By Our Reporter
SHILLONG, Aug 7: The North East Students’ Organisation (NESO), a conglomeration of eight students’ bodies from across the region, has urged Prime Minister Narendra Modi and Union Home Minister Amit Shah to ensure no one enters the northeastern states from Bangladesh illegally.
They also said no Bangladeshi national should be granted asylum or rehabilitated in the region.
“The NESO humbly seeks your immediate intervention to ensure that no illegal (person) enters the northeastern states from Bangladesh and also requests that not a single Bangladeshi should be granted asylum or rehabilitated in the entire region,” the NESO said in a letter to Modi and Shah.
“At this juncture, the government of India must ensure that the border between Northeast India and Bangladesh should be thoroughly and strictly manned to detect attempted illegal migration from across the border,” the NESO said.
Drawing the attention of the Prime Minister to the events unfolding in Bangladesh, the NESO stated such a situation can have serious ramifications in India, especially in the Northeast whose four states border Bangladesh. While the length of Tripura’s border with Bangladesh is 856 km, that of Meghalaya is 443 km, Mizoram is 318 km, and Assam is 262 km.
Pointing out that the ongoing crisis in Bangladesh may lead to an exodus of its nationals into India, the NESO said past events indicate that whenever there is a civil war or a riot in Bangladesh, the Northeast always had to bear the brunt of mass illegal immigration from the country.
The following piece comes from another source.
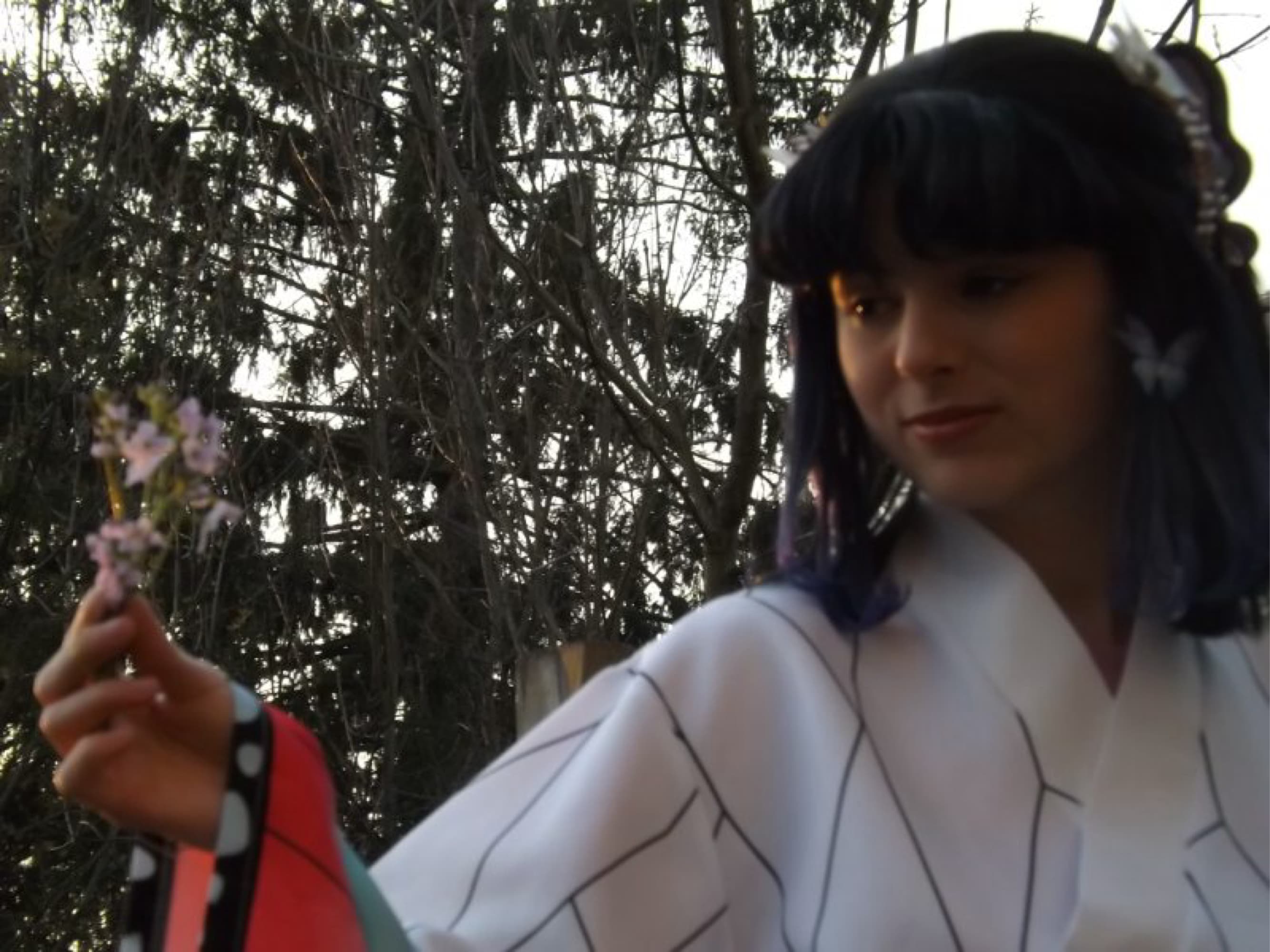 Shinobu kocho  - Photo 8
“During partition in 1947, lakhs of Bengalis from East Pakistan illegally crossed the border and forcibly occupied lands in Assam and Tripura (then a Union Territory). Similarly, during the Bangladesh Liberation War of 1971, lakhs and lakhs of East Pakistanis migrated into Indian territory including the Northeast creating a demographic imbalance, especially in the states of Assam, Tripura, and Meghalaya (then a part of undivided Assam),” it stated.
The NESO further stated that the unabated flow of illegal immigrants from Bangladesh (East Pakistan) brings forth an air of tension and stiff competition in the Northeast. It pointed out that the arrival of millions of illegal foreigners from other countries led to a contest of space, forced cultural assimilation, economic competition, and distrust between the indigenous populace and the foreigners besides leading to a drastic alteration of the demographic structure in most regions of the seven northeastern states.
Pointing out how the illegal foreigners overwhelmed the minuscule indigenous populace overnight, the NESO cited the example of Tripura, which saw a dramatic increase in the Bangladeshi population under the onslaught of mass migration since 1947, reducing the native tribal population to a mere 30% in their homeland.
The NESO also underscored how Assam is still experiencing a mass influx of illegal migrants which led to a six-year-long Assam Movement, causing martyrdom to 860 people, eventually leading to the signing of the historic Assam Accord which promised to deport illegal Bangladeshis from Assam and how similarly, Meghalaya and Arunachal Pradesh have been demanding the deportation of all foreigners from their states after migrants overwhelmed the indigenous communities in many pockets of their respective states.
“Such unabated flow of immigrants into the region thus led to insecurity, agitations, riots, and clashes between these foreigners and the indigenous people,” the NESO added.